- _EXERCISE BRIEF_
An exact reproduction of the listing, minus the pictures, is the required output.

- _DATASET SECTION_
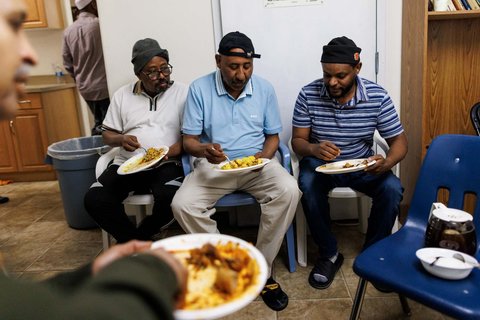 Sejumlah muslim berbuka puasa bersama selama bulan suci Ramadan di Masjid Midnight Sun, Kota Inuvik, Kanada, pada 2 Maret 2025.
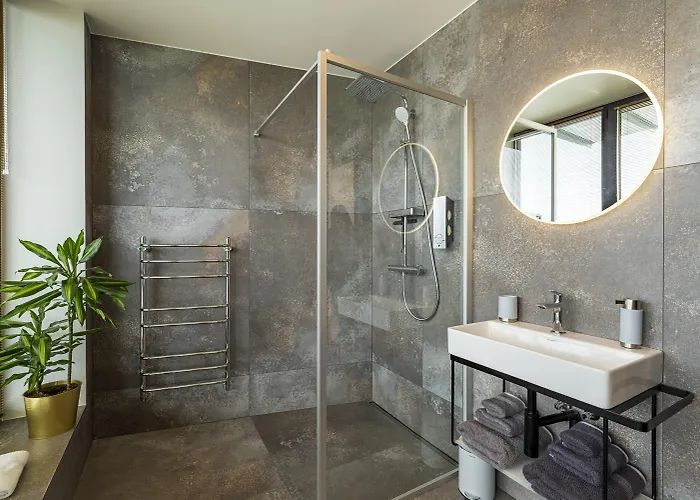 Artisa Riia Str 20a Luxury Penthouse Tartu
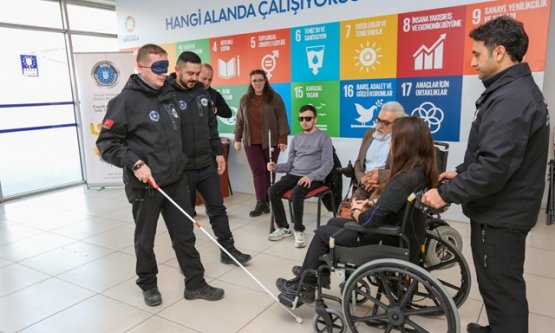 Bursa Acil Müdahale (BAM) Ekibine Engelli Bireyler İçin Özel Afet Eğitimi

- _SOLVED PROBLEM_
 Sejumlah muslim berbuka puasa bersama selama bulan suci Ramadan di Masjid Midnight Sun, Kota Inuvik, Kanada, pada 2 Maret 2025.
 Artisa Riia Str 20a Luxury Penthouse Tartu
 Bursa Acil Müdahale (BAM) Ekibine Engelli Bireyler İçin Özel Afet Eğitimi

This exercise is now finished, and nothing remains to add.